A rentabilidade hoje exigida pelos investidores dificulta a aquisição de novos projetos em que a conta feche para o vendedor e para o comprador. Para rentabilizar o ativo da forma que o investidor espera, o vendedor do projeto teria que vendê-lo por um valor inferior ao por ele esperado.
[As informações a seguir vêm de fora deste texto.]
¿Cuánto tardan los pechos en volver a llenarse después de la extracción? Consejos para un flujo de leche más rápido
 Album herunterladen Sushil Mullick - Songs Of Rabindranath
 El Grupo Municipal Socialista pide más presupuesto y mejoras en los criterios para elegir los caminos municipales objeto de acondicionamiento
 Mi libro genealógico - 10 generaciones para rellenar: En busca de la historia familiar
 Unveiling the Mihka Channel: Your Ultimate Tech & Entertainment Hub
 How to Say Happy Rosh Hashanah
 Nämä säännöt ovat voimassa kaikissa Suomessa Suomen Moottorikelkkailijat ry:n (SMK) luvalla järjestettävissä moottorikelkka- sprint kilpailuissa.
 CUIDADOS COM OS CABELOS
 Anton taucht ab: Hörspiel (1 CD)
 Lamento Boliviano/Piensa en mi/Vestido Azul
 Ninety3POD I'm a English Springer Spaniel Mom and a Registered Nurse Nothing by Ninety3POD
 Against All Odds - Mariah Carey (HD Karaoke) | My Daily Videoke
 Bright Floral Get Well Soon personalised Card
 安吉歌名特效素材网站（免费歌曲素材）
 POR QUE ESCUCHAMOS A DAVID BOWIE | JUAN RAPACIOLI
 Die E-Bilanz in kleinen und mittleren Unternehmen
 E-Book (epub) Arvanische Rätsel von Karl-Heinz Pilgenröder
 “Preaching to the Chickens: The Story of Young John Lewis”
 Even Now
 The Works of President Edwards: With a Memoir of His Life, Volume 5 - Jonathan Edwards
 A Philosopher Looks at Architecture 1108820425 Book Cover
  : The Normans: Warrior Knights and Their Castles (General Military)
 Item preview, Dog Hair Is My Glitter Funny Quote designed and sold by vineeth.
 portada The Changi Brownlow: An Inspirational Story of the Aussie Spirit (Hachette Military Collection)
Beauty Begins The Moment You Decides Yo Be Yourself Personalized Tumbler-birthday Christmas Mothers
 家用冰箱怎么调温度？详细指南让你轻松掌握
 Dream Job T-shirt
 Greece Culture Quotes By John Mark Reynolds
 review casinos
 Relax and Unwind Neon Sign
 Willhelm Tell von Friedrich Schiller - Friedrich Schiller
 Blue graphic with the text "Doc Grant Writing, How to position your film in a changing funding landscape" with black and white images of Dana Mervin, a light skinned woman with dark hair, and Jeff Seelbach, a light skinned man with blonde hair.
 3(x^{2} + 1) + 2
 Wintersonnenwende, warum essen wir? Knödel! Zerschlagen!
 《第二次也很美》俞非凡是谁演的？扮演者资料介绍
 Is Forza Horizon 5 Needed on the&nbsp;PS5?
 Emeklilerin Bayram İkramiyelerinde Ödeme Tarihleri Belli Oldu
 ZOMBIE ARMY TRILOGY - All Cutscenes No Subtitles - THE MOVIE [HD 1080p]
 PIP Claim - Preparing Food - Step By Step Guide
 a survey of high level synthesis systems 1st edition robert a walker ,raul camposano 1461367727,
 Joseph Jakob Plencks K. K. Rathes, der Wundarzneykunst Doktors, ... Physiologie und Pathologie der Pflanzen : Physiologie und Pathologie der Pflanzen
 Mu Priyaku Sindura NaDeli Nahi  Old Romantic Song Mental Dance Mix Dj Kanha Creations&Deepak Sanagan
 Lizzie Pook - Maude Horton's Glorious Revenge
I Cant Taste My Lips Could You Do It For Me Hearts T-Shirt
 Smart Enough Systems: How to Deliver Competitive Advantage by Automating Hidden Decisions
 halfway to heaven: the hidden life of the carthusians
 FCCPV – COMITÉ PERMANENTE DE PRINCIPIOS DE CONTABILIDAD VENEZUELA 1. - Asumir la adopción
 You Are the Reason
Isso faz com que os negócios não aconteçam e desacelera o mercado.

Developers querem vender ativos por preços maiores por causa do aumento de custos, ao passo que gestores precisam comprar os ativos por preços menores para entregar a rentabilidade esperada pelo investidor por conta do aumento de juros e do prêmio pelo risco.

A defasagem de preços existente entre transações realizadas com quotas de Fundos Imobiliários vis-à-vis transações de ativos imobiliários diretamente é bastante grande, ao contrário do que seria intuitivo, dado que os FII trazem comparativamente inúmeros benefícios adicionais a seus investidores, sendo o principal a liquidez.

Na nossa visão, assim que o mercado tiver alguma clareza quanto ao horizonte de redução das taxas de juros pelo Banco Central (o que tende a acontecer em breve), quanto ao início da recuperação da economia e consequente melhoria da ocupação dos ativos imobiliários e geração de renda, a tendência é de que haja uma recuperação muito rápida do valor da quota dos Fundos Imobiliários, com natural recuperação do IFIX. Nesse momento o mercado ajustará o descompasso citado de 30% entre o IFIX e a estrutura de custos atual da construção civil e voltarão com força as novas emissões de quotas de FII.

Dada essa expectativa e o poder que o instrumento Fundo Imobiliário alcançou até hoje no mercado brasileiro, quem já está exposto ao setor é saudável manter sua posição. Quem ainda não está é recomendável tomar uma posição (fazendo obviamente a necessária análise dos Fundos, suas políticas de investimento, gestores, riscos e ativos), sobretudo em um momento em que as oportunidades existentes no mercado secundário são tão claras e abundantes.